It takes a lot statistical and demographic anomalies for women to out-earn men.
Women are paid more than men in six municipalities and one county, according to an analysis of 2,700 locations with more than 10,000 workers by The Pew Charitable Trusts, a nonprofit with a goal to improve public policy. Women out-earn men in Lake Worth, Fla.; Plainfield and Trenton, N.J.; Inglewood, Calif.; Hempstead, N.Y.; Chamblee, Ga. and Prince George’s County, Md.
“Pay may be relatively higher for young millennial women who have landed jobs in big cities and found affordable housing in commuter suburbs such as these,” Tim Henderson, who covers demographics for Stateline, wrote. “And the communities’ high numbers of single male laborers, many of whom are immigrants working without documentation, can also hold down male income.”
These statistics may be skewed, Henderson added. Many of the women in these locations are living with low-wage male workers, many of whom are undocumented immigrants, which lowers the median wage for men. Those male workers are, as a result, likely being paid less than the minimum wage, which provides a more gloomy reason why women would out-earn men in these areas.
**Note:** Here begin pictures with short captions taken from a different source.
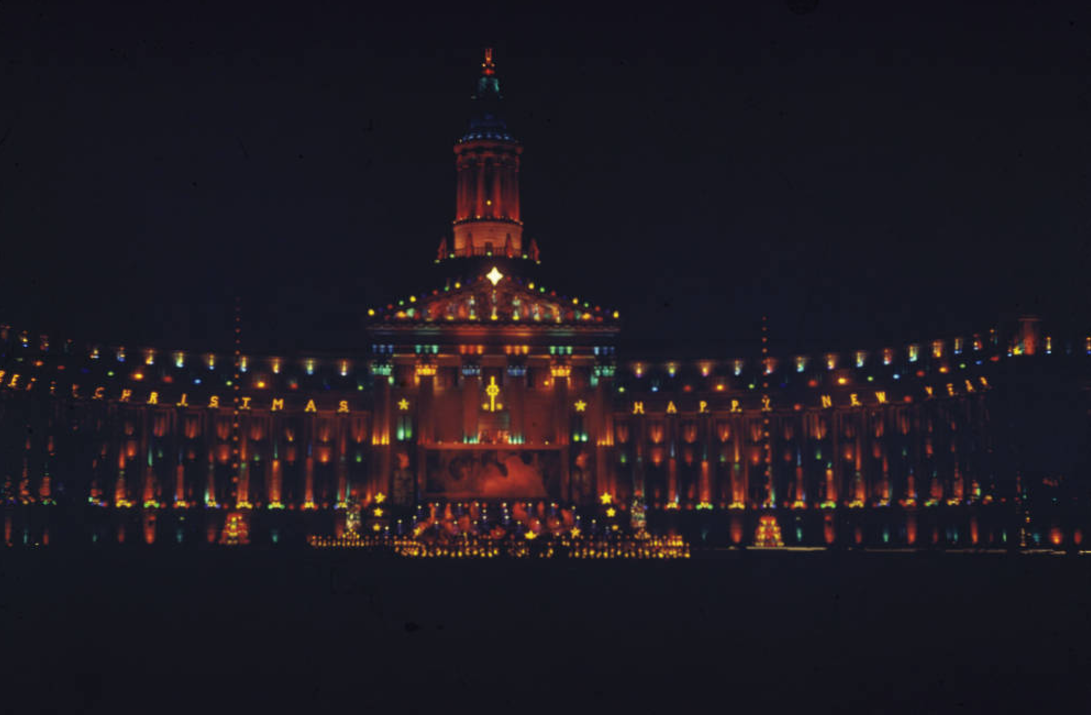 Nighttime view of the City and County Building in Denver, Colorado. The building is decorated with Christmas lights and decorations. (Denver Public Library/Western History Collection/Z-415)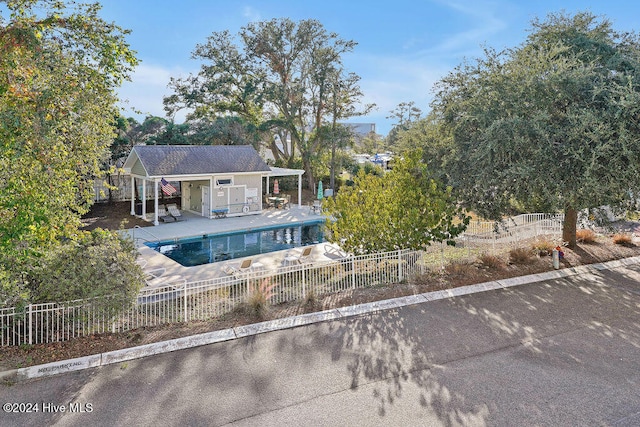 exterior space featuring a patio area and a fenced in pool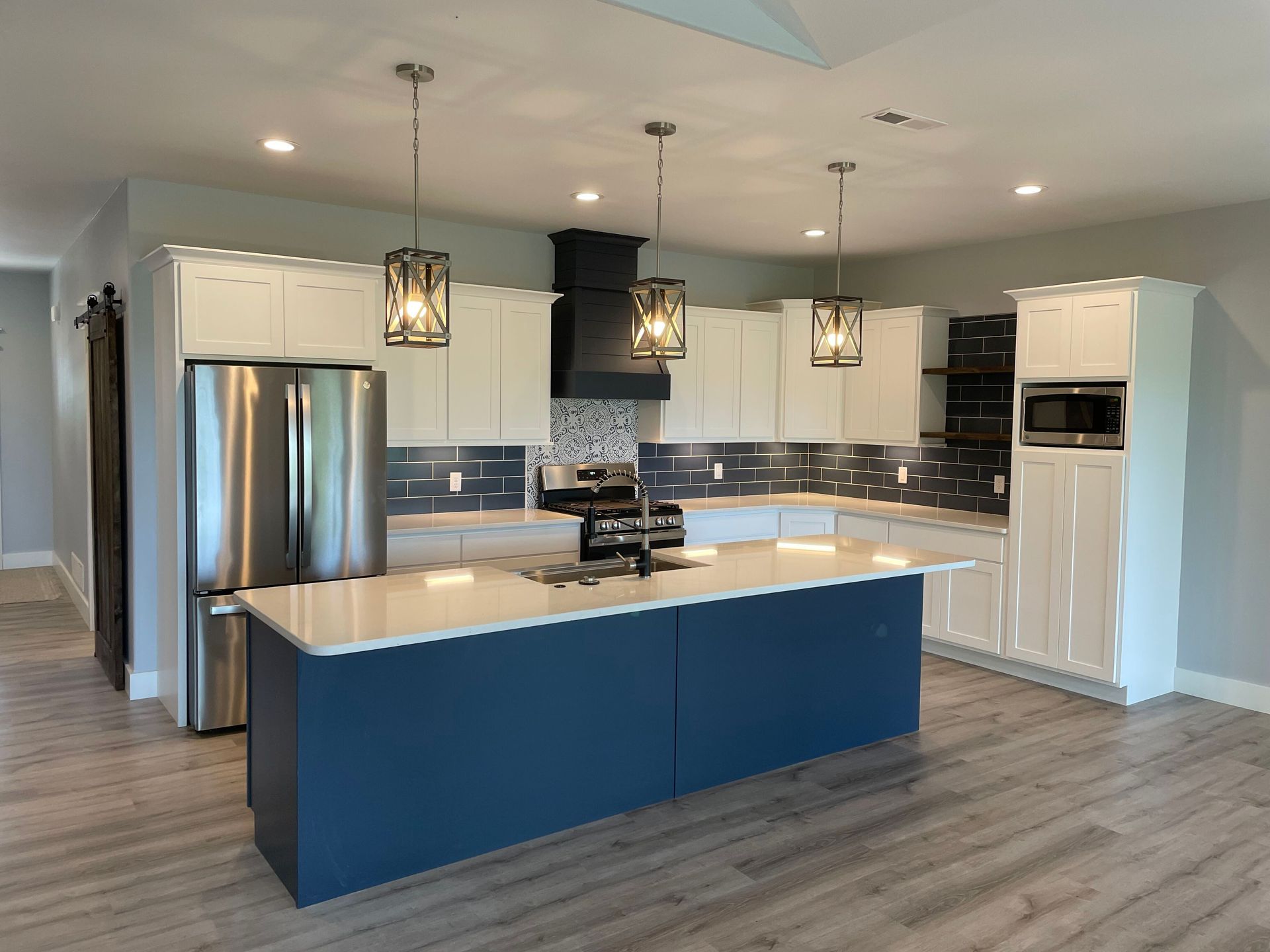 Modern kitchen with blue island, white cabinets, stainless steel appliances, and pendant lights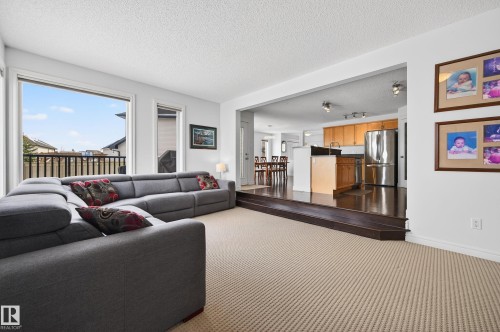 Spacious living area featuring neutral-toned carpeting, ample natural light, and an open-concept design - 8477 Sloane Crescent, Edmonton, AB - Indoor Photo Showing Living Room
He did note positive trends: “Women in Chamblee, for instance, earn more than women in the Atlanta area as a whole, and out-earn men in some lucrative, male-dominated fields, such as computers and engineering, with the help of female business entrepreneurs sensitive to the need for flexibility to attend to family responsibilities.” (Nationally, women earn 83% that of men.)
Female personal financial advisers make little more than half (56.4%) of men in the same job, compared with 83% overall, according to a recent analysis by the Institute for Women’s Policy Research, a Washington, D.C.-based research organization. (Critically, that does not account for women who are missing from senior roles in Silicon Valley.)
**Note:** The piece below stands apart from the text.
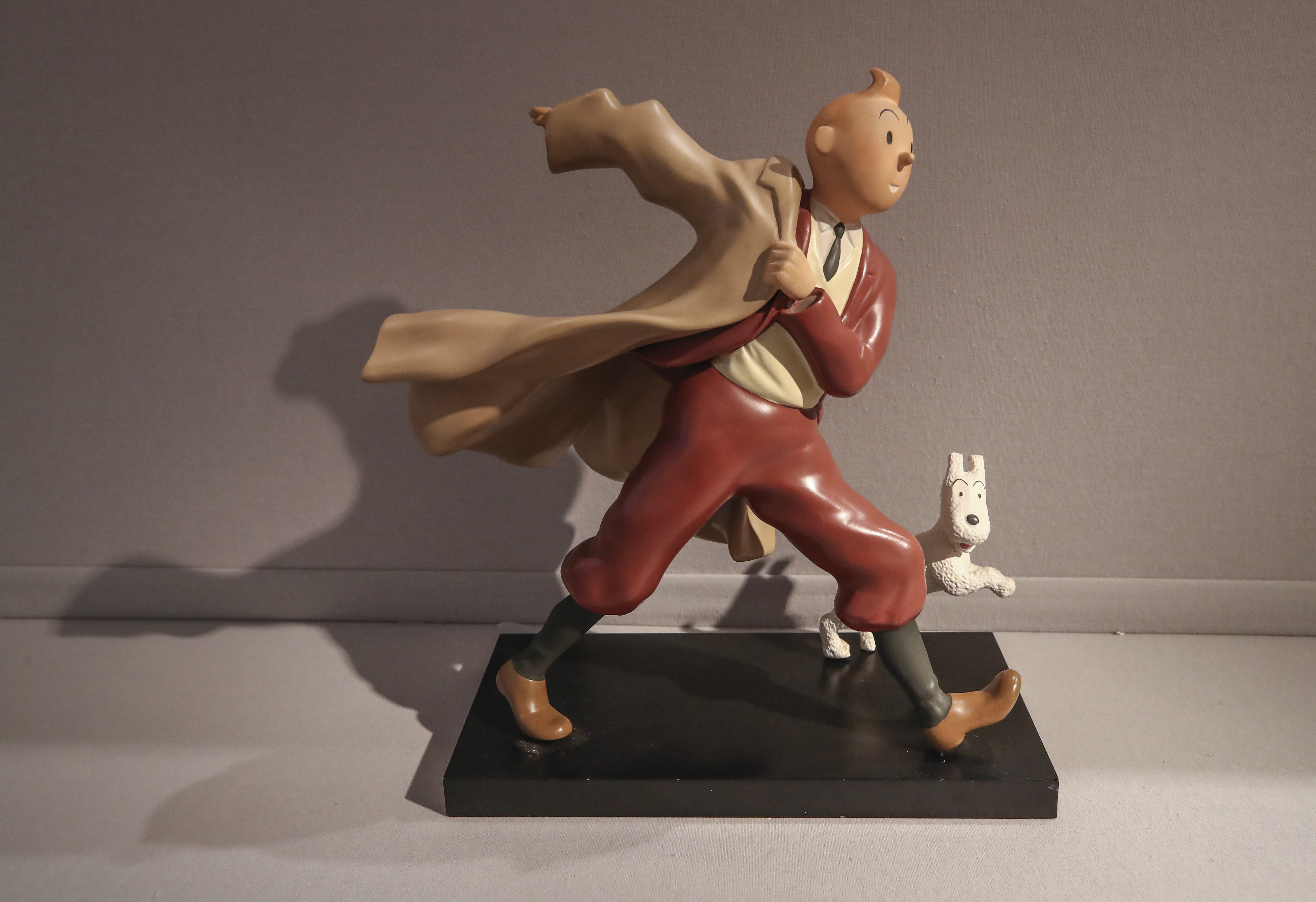 FILE - A 1988 polychrome resin sculpture of the comic character Tintin and his dog snowy from the 1941 "The Crab with the Golden Claws" album drawn by Belgian creator Herge is displayed at the Artcurial auction house in Paris, on Jan. 13, 2021. The Belgium international players taking part in the Euro soccer tournament this summer could well resemble a world-famous reporter. According to leaks on various specialized websites, the Belgium Euro 2024 away kit is a tribute to Tintin. The Belgian federation is set to unveil the new kit on Thursday March 14, 2024 during a press conference at the Hergé Museum.
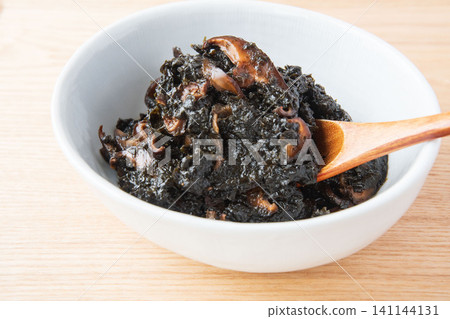 Freshly made seaweed tsukudani served in a bowl. Freshly made seaweed tsukudani served in a bowl. 141144131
There are 4.6 million women who work in occupations with poverty-level wages, nearly three times as many as the 1.5 million men who do, the organization concluded. In addition, it found racial disparities compounding gender inequality in the labor market: Black and Hispanic women are more than twice as likely to work in service occupations as white women.
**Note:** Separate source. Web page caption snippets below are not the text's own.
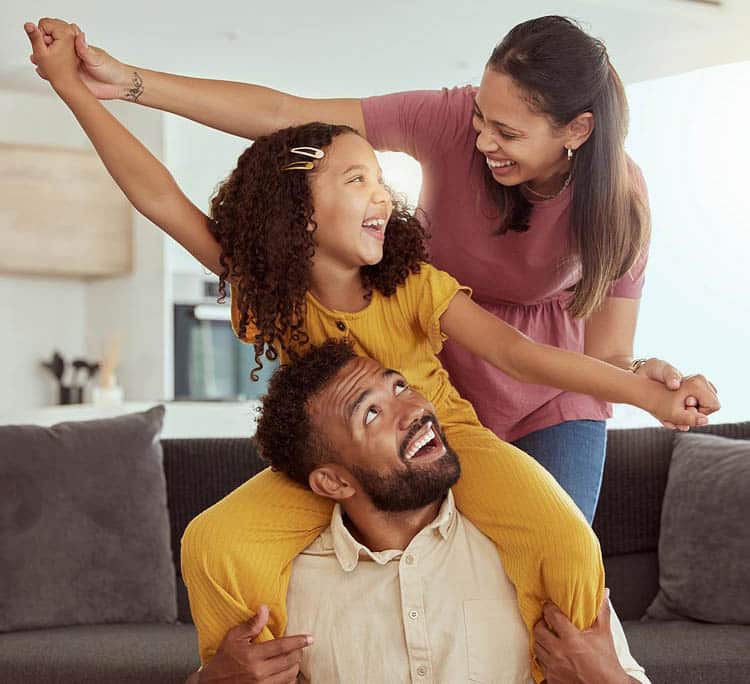 Happy family celebrating, a girl is on her father's shoulders and her mom is grabbing the girl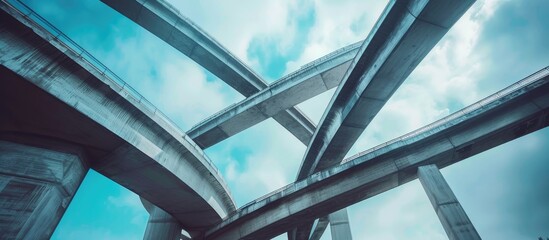 A modern multilevel road junction, showcasing the intricate design and construction of the bridge from a ground-level perspective. The bridge spans overhead, revealing the structural elements and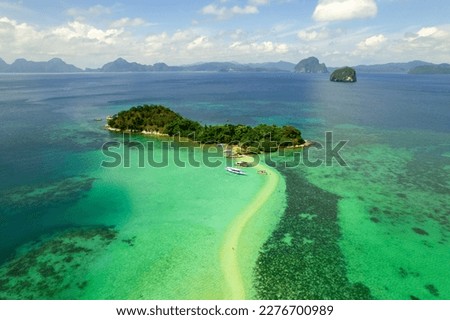 aerial horizontal panoramic photography of snake island in the archipelago el Nido, Philippines with cloudy sky and some tourist's boats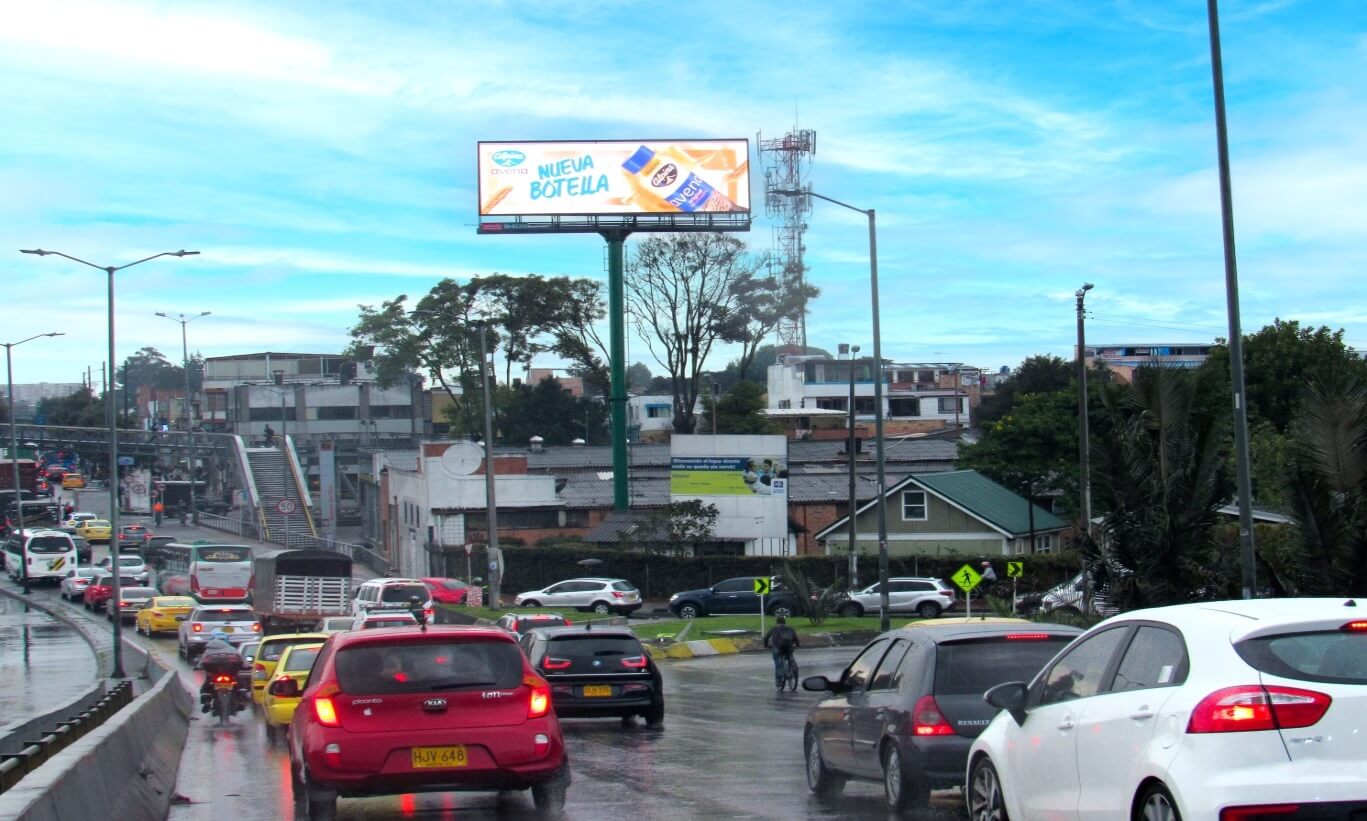 Busy city roadway with traffic passing beneath a large digital billboard advertising Avena.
Don’t miss: What Rosie the Riveter would make today
Another depressing estimate: It will take another 88 years for the gender gap to close across the 106 countries covered in the World Economic Forum‘s Global Gender Gap Index. The most challenging gender wage gaps remain in the economic and health spheres, where it will not be closed for another 217 years, the report found.
And women employed in male-dominated workplaces are more likely to say their gender has made it harder for them to get ahead at work and report gender discrimination at significantly higher rates, a separate survey released by the Pew Research Center, a Washington, D.C.-based think tank, concluded. The survey was conducted last year before the #MeToo movement took off.